# RECORDS
*** Begin section ***
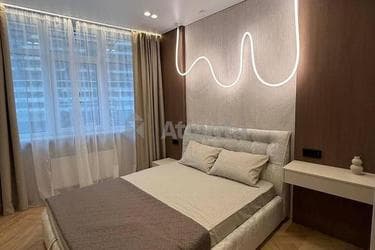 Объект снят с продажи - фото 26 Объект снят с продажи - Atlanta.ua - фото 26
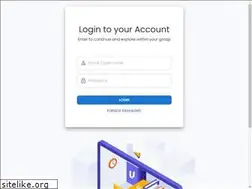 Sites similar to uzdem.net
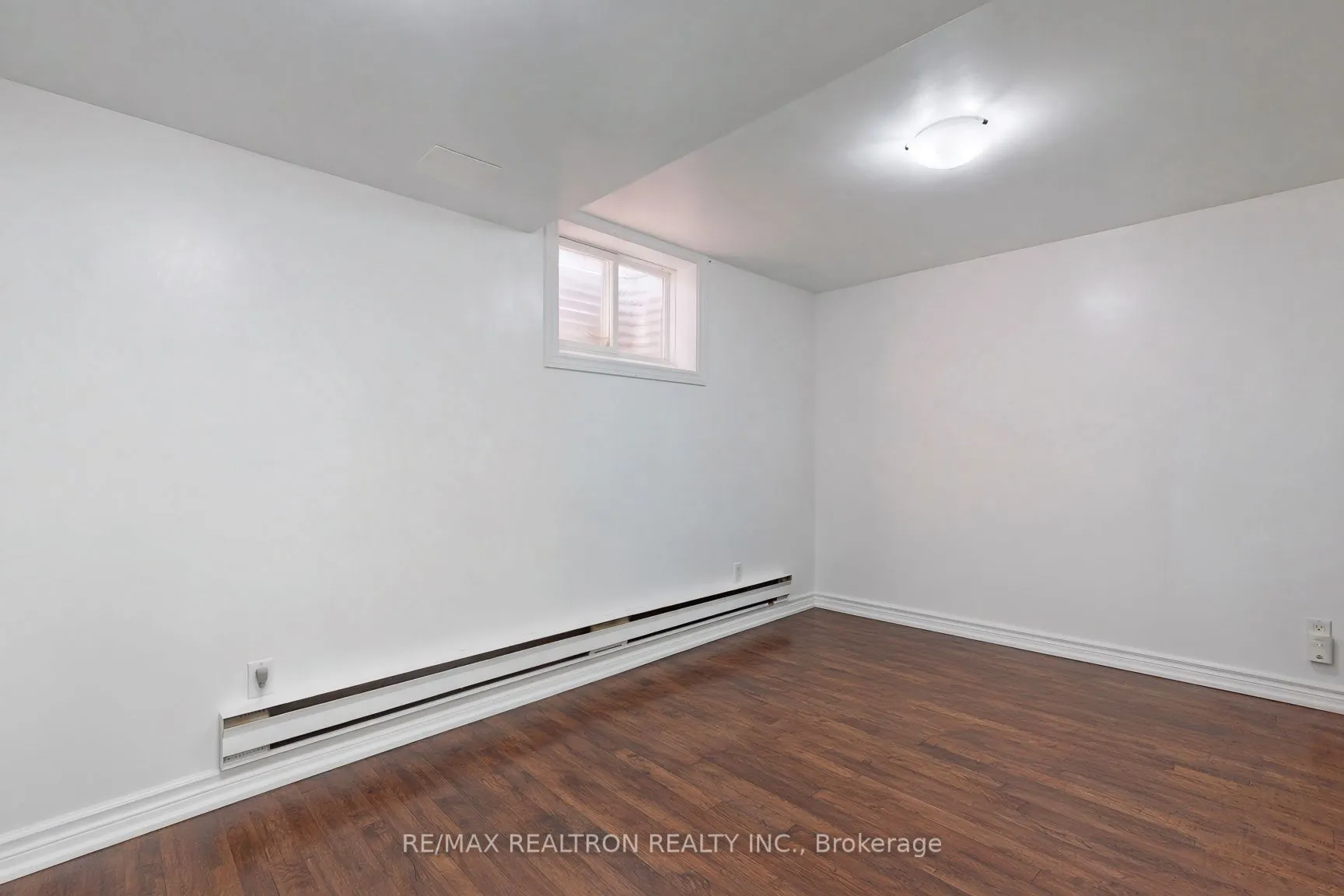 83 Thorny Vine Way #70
*** End section ***
*** Begin section ***
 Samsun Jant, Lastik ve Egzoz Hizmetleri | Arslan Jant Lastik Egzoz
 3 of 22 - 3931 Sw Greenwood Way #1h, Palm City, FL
*** End section ***
# TASK DETAILS
Copy back exactly the lines above from the one containing "Объект снят с продажи - фото" through the one containing "83 Thorny Vine Way #70", and leave every picture behind.

# RESPONSE
 Объект снят с продажи - фото 26 Объект снят с продажи - Atlanta.ua - фото 26
 Sites similar to uzdem.net
 83 Thorny Vine Way #70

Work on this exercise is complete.